Nous nous exécutons par une translation latérale de... oh oui, bien 10cm! La moue du gaillard indique son mécontentement, mais aussi qu'il comprend qu'il n'obtiendra pas davantage de notre part. Les deux rangs sont d'ailleurs plutôt disciplinés, et pourtant il juge utile de les séparer par un long ruban.
Je me rends compte, soudain, que je discute au sein d'un groupe de 5 jeunes barbus comme moi, au même look faussement négligé. Un rapide tour d'horizon: il y en a plein d'autres! Révélation: je pensais ne ressembler à rien de particulier, mais si, je ressemble à un fan de Radiohead, apparemment.

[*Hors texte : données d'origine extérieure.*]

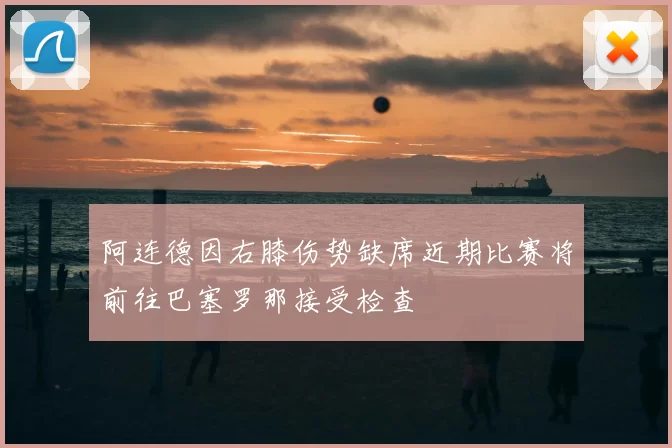 阿连德因右膝伤势缺席近期比赛将前往巴塞罗那接受检查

Enfin, 10h sonnent, c'est parti. La stupeur se lit sur les visages des vendeuses, qui, elles, ont accès au nombre total de places restantes, sur toute la France. "Regarde comme ça descend, c'est dingue!" Nous sommes livides. Nous pestons gentiment contre ceux qui nous précèdent et contre les guichetières, qui semblent prendre leur temps, et nous en manquons. J'imagine l'une d'elle lancer au gars devant "je vous fais un petit paquet cadeau?" et l'autre répondre "oh oui, volontier!", nous sommes convulsés d'un rire nerveux.
Finalement, je suis reçu. Ouf... Je demande à la dame, par curiosité, combien de place il reste, en tout. Elle ne le dit pas, mais m'indique qu'il en part plus de 50 à la minute, à vue de nez. J'imagine le compteur. Vertige. J'ai appris plus tard que la vente eut lieu par vagues successives, espacées d'une heure parait-il, et qu'à 10h15 les places de la "première vague" étaient parties. J'ai eu chaud.